First — As to the tax sale. The state or its grantee is not es-topped by the tax sale. The auditor’s tax deed did not attempt to convey any title the state of Ohio had to this land, but simply whatever title the person had to whom the same was charged for taxes, and the doctrine of caveat emptor applies to the purchaser at tax sale, his heirs and assigns in this case. The person to whom the land was charged on the tax duplicate had no title, and none could be conveyed by the auditor. The land was not subject to taxation as the property of the United States.
*94Second — As to the statute of limitations. The statute of limitations does not run as against the United States, or the state. The statute of limitations, however, does apply to the plaintiff, and began to run against it on the third day of April, 1873; but such statute has no application to this case, as it will not be a bar till twenty-one years after April 3, 1873.
Third — The land in question was not subject to location upon a Virginia State Line warrant, and the surveyor in making the survey was a trespasser, without any authority whatever. His act in making the entry and survey was utterly illegal, null and void, and the warrant, entry and survey conferred no title whatever on the owner of the entry and survey.
Fourth — The proviso of the act of March 2,1807, has no application whatever to a case of this kind. It could not protect a survey utterly void, and by ttíat proviso Congress did not intend to clothe the occupant or owner of the survey with any title against the United States or its grantee, but only gave the first locator a pre-emption or right to a new and valid location as against any subsequent locator, as stated by Judge Ranney in Price v.

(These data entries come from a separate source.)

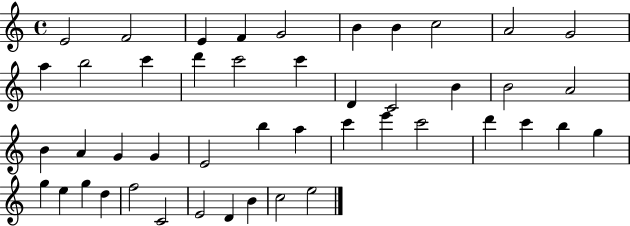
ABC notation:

X:1
T:Untitled
M:4/4
L:1/4
K:C
E2 F2 E F G2 B B c2 A2 G2 a b2 c' d' c'2 c' D C2 B B2 A2 B A G G E2 b a c' e' c'2 d' c' b g g e g d f2 C2 E2 D B c2 e2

Johnson, 1 Ohio St., on page 397. This right ceased when the district was closed against location, and was of no effect as against the United States, or its grantee.
Fifth — The legal title to this land was in the United States on February 18, 1871, and by the act of that date by the Congress of the United States, ceding lands in Virginia Military District in the state of Ohio, was ceded to the state of Ohio.
The legal effect of the act of February 18, 1871, was on the part of the United States to convey to the state of Ohio all the title it had, or could convey, to all lands in the Virginia Military District in the state of Ohio, and the tract in controversy was by this act ceded to the state of Ohio. The only right the defendant in error has, if any, in the land, is that of a bona fide settler, as stated in the act of February, 1871, and he will have the right to pre-empt under that act and under the act of April 3, 1873, of the legislature, if he is in a condition to bring himself within the terms of such pre-emption.
Sixth — The claim that plaintiff could not maintain the suit because it had not caused the land in question to be surveyed, *95numbered, appraised and reported to the Land Department of Ohio, as required by the fourth section of the act of April 3. 1873, is untenable.
N. W. Evans & Duncan Livingstone, of Portsmouth, for plaintiff in error. J. M. Wells & T. J. Mullen, of West Union, for defendants.These duties imposed on the plaintiff by law are not conditions precedent to the vesting of the title in the plaintiff by the state, and do not affect the title of plantiff, or its right to recover herein.
Judgment reversed, and cause remanded to the court of common pleas for a new trial.